Your goal ::
Your reply should consist only of the lines from the one holding "Helgoland Apartment |" to the last line of the data below, written out exactly and without pictures.

(Extracted records)
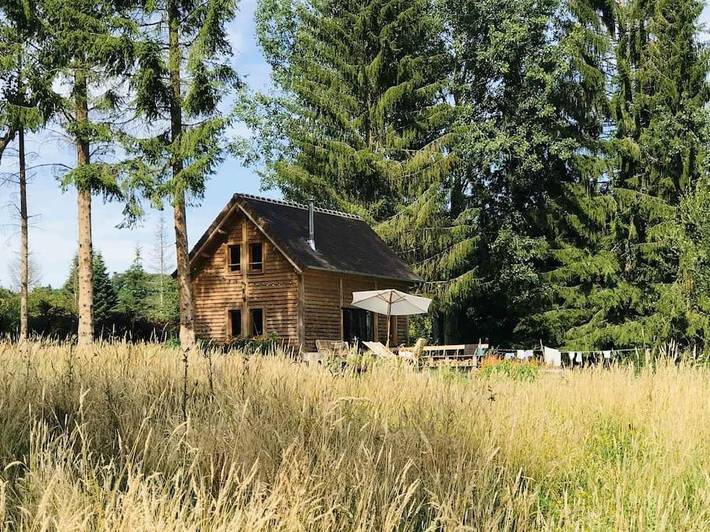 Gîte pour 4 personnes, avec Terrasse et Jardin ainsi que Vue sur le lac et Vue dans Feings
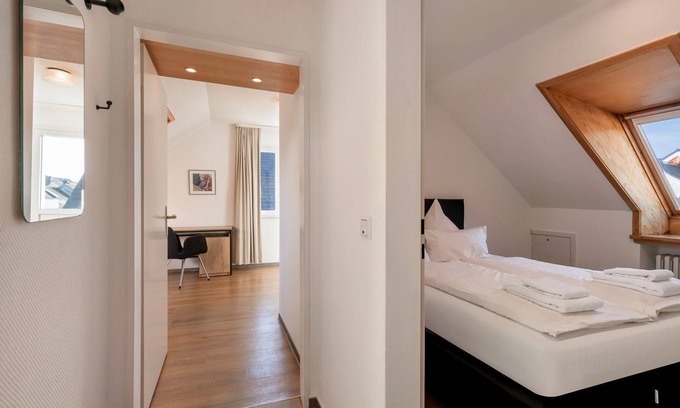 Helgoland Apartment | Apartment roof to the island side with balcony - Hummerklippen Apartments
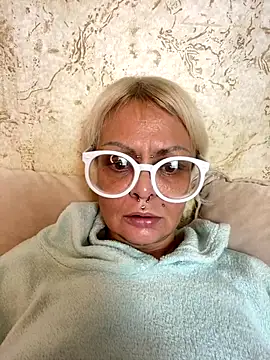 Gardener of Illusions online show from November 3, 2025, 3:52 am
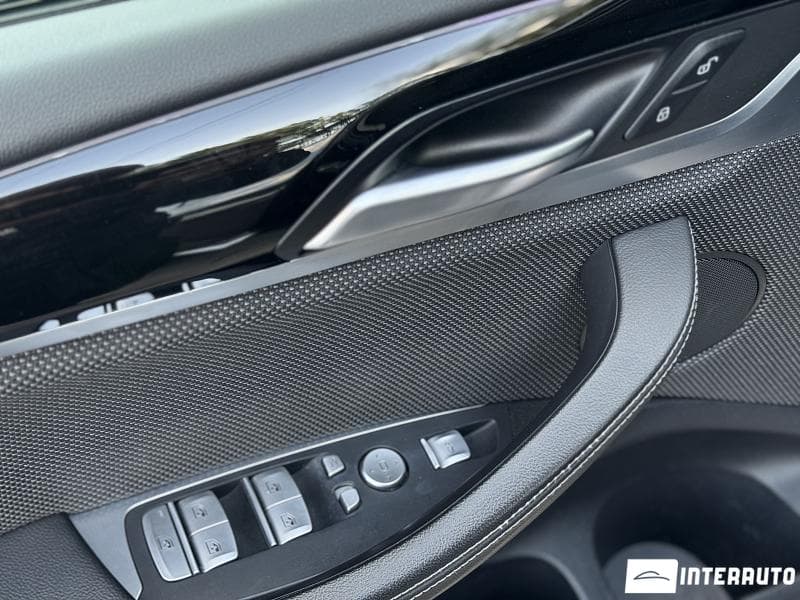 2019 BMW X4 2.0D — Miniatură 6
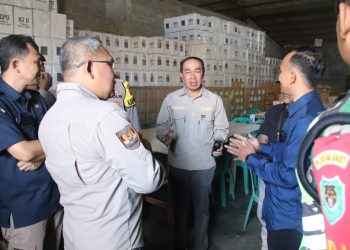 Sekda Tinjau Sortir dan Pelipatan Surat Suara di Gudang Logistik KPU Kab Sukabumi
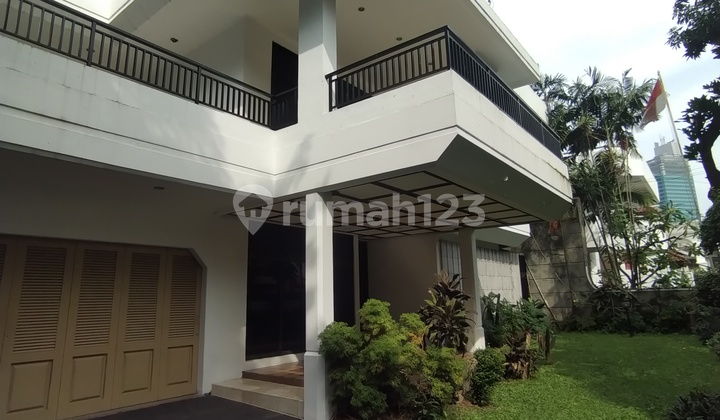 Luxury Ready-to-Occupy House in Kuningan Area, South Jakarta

Task answer ::
 Helgoland Apartment | Apartment roof to the island side with balcony - Hummerklippen Apartments
 Gardener of Illusions online show from November 3, 2025, 3:52 am
 2019 BMW X4 2.0D — Miniatură 6
 Sekda Tinjau Sortir dan Pelipatan Surat Suara di Gudang Logistik KPU Kab Sukabumi
 Luxury Ready-to-Occupy House in Kuningan Area, South Jakarta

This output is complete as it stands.